What is Hawaii doing in Hong Kong's location (Lihue Airport, whose IATA is LIH but appears in our dataset as HI)? In this case, if you read the documentation on the BTS website, it would reaffirm that it is simply a wrong latitude and longitude. Let's change those for the LIH flights:

In [None]:
def replace_lat_lon(r, lat_or_lon, origin_or_dest):
    """
    lat_or_lon: LAT or LON
    origin_or_dest: ORIGIN or DEST
    """

    LIH_code = 12982
    LIH_lat, LIH_lon = 21.976111, -159.338889

    copy_column = lat_or_lon + '_'
    copy_column += origin_or_dest

    code_column = 'Code_' + origin_or_dest

    if r[code_column] == LIH_code:
        return LIH_lat if lat_or_lon == 'LAT' else LIH_lon
    else:
        return r[copy_column]


united_paths['LAT_ORIGIN'] = united_paths.apply(lambda r: replace_lat_lon(r, 'LAT', "ORIGIN"), axis=1)
united_paths['LON_ORIGIN'] = united_paths.apply(lambda r: replace_lat_lon(r, 'LON', "ORIGIN"), axis=1)
united_paths['LAT_DEST'] = united_paths.apply(lambda r: replace_lat_lon(r, 'LAT', "DEST"), axis=1)
united_paths['LON_DEST'] = united_paths.apply(lambda r: replace_lat_lon(r, 'LON', "DEST"), axis=1)

### Exercise 4:

Alter the plotting function above to take in the year and compare the United flights from 2012, 2015, and 2019. What are some trends that you notice?

**Answer.**

### Passengers and revenues

This completes our basic EDA on the BTS data. The point that should be emphasized is that this EDA was used solely as a means to validate the data. We are not yet able to extract hypotheses about revenue from passenger data. Recall that we don't have this information until 3 months after the fact. However, if we did, we should make sure that this is useful information to have.

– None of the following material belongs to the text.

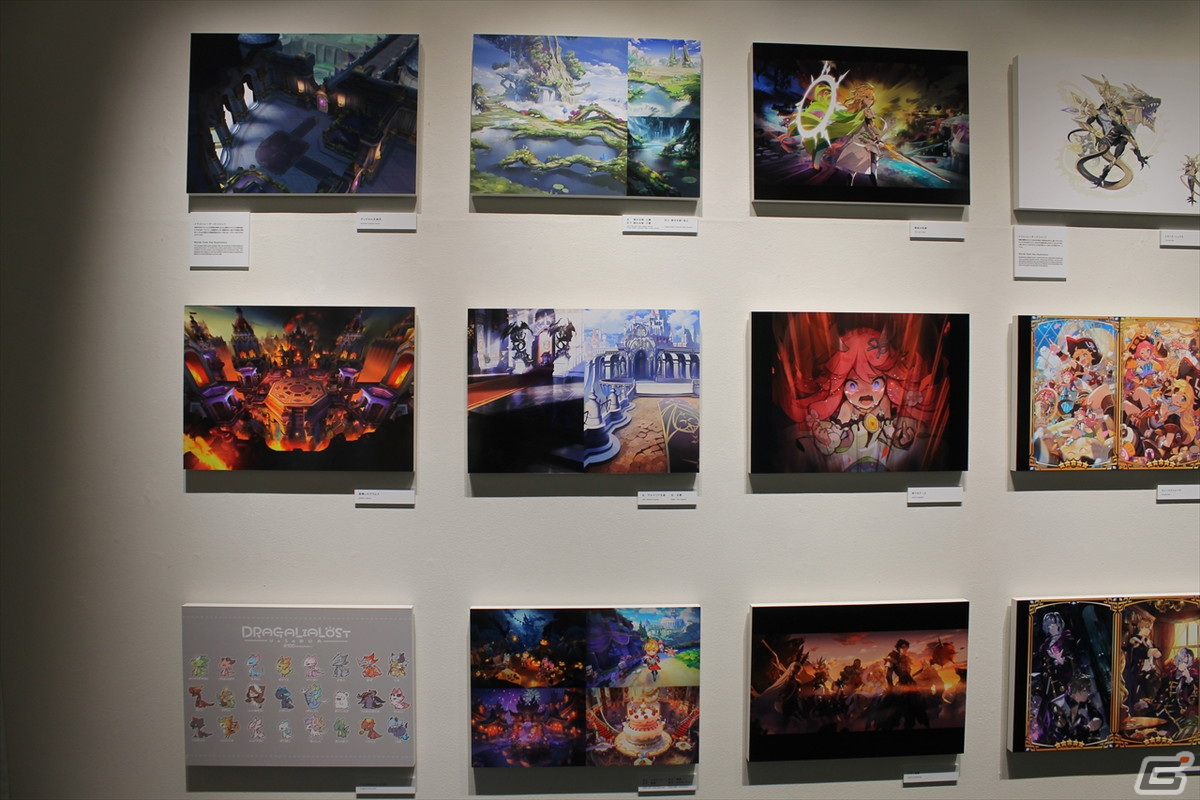 キャラクターが展示を案内！「神バハ」「グラブル」「ウマ娘」など5,500点以上のアートが集結した「Cygames展 Artworks」をレポートの画像56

When dealing with time series, it's important to deal with trends. If two series are predominately dominated by a trend, then their individual fluctuations are lost and this may lead to a spurious conclusion. Consider the following example of two random lines:

In [None]:
def plot_series_with_slope(m):
    n = 100
    t = np.linspace(0, n, n)

    X_1 = m*t + np.random.normal(size=n)
    X_2 = m*t + np.random.normal(size=n)

    sns.lineplot(t, X_1)
    sns.lineplot(t, X_2)

def get_corr_with_slope(m):
    n = 100
    t = np.linspace(0, 10*n, n)

    X_1 = m*t + np.random.normal(size=n)
    X_2 = m*t + np.random.normal(size=n)

    return np.corrcoef(X_1, X_2)

plot_series_with_slope(0)

To the naked eye, these series look incredibly unrelated. Measuring their correlation confirms this:

In [None]:
get_corr_with_slope(0)

However, what happens if we increase the slope between them?:

In [None]:
plot_series_with_slope(0.1)
get_corr_with_slope(0.1)

As you can see, the correlation is almost perfect. To give you a sense of how fast the trend can overpower the relationship, here is the correlation as a function of the size of the slope:

In [None]:
slopes = np.logspace(-3,1,100)
corrs = []

for m in slopes:
    corrs.append(get_corr_with_slope(m)[0,1])

f, ax = plt.subplots()
ax.set(xscale='log')
ax.set(xlabel="Slope", ylabel = "Correlation coefficient")
sns.lineplot(x=slopes, y=corrs)

In light of this fact, we need to remove the trend from this line. This is easily done by looking at the correlation of *differences* of consecutive points; that is, we subtract the previous value from each value in the series, so that only the marginal changes remain. This removes the trend and resolves the problem of spurious correlation:

In [None]:
m = 1
n = 1000
t = np.linspace(0, 10*n, n)

X_1 = pd.Series(m*t + np.random.normal(size=n))
X_2 = pd.Series(m*t + np.random.normal(size=n))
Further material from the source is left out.